Music Spotlight: Sinner Get Ready

Jago Prates, Staff Writer

Kristin Hayter, better known by her alias Lingua Ignota, delivers a story of unfiltered truth and pain in her latest project Sinner Get Ready. Heavily inspired by Hayter’s struggles with Catholicism and past relationships, Sinner Get Ready is as visceral and emotionally jarring an experience as one can have. With her dark textures and instrumentation, morbid lyricism, and religious allegories, Hayter takes the listener on an absolutely devastating journey from beginning to end.

The opening song, “The Order Of Spiritual Virgins,” starts the album off on a terrifying note. With distorted bass and piano and lyrics like “Hide your children, hide your husbands” and “sickness finds a way,” Hayter makes it clear that the road ahead isn’t an easy one. Hayter presents herself as a deity-like figure, claiming all who look upon her swear “eternal devotion.” “I Who Bend The Tall Grasses” is written as a prayer, an honest expression of rage towards God and His refusal to exude revenge on a manipulative and abusive partner. The ongoing organ phrases set the stage and turns the entire song into a church service.

“Many Hands” is a call for the Sinner to “get ready.” It alludes to the imminent coming of Christ and presents a terrifying and nihilistic view of God, saying that “The Lord spat and held me by my neck. ‘I would die for you, I would die for you’ he wept.” “Repent Now Confess Now” is a bone-chilling call to return to Christ and atone for one’s sin. It paints God in a violent and terrifying light, with phrases such like “He will take your legs and your will to live” and “he will knock the breath from you… He will rim your eyes with black.” The instrumentation adds to the song’s eerie nature with shrieking bowed instruments and detuned strings.

“The Sacred Linament Of Judgment ‘ is a grander piece which acts as a point of conflict lyrically. The first half of the song consists of praise and worship towards God as Hayter reflects on her own spiritual journey and focuses on how God extended his love to her. It also highlights her confidence in standing before the Lord in judgment. However, the second half of the song samples televangelist Jimmy Swaggart confessing to adultery, and Hayter’s last line asks, “Oh sinner, have you ever had the love of Christ so ruthlessly denied?”

“Perpetual Flame Of Centralia” is a quiet piano and vocal performance reiterating Hayter’s confidence in her faith as she chooses to stand directly against fear and doubt. “Man Is Like A Spring Flower” describes the human heart in various ways, including being “an orchid,” “the Seventh Gate of Hell,” and “impossible to hold.” It also features a four minute instrumentally dominated section which continues to grow in intensity and begins to distort significantly towards the end.

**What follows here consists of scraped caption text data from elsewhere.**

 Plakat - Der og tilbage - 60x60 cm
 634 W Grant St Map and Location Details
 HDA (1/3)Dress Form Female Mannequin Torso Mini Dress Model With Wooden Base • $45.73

The final song, “The Solitary Brethren Of Ephrata,” ends the album with a hymnic piano and vocal piece and features multiple choral takes from Hayter. It’s structured and performed like a typical church hymn and repeats the line, “Paradise will be mine.”

Sinner Get Ready presents a unique viewpoint, an honest look at anger, hate, faith, and death from Hayter perspective. Its songwriting, symbolism, and sound design take it beyond a simple album and create an entire, cohesive experience for the listener.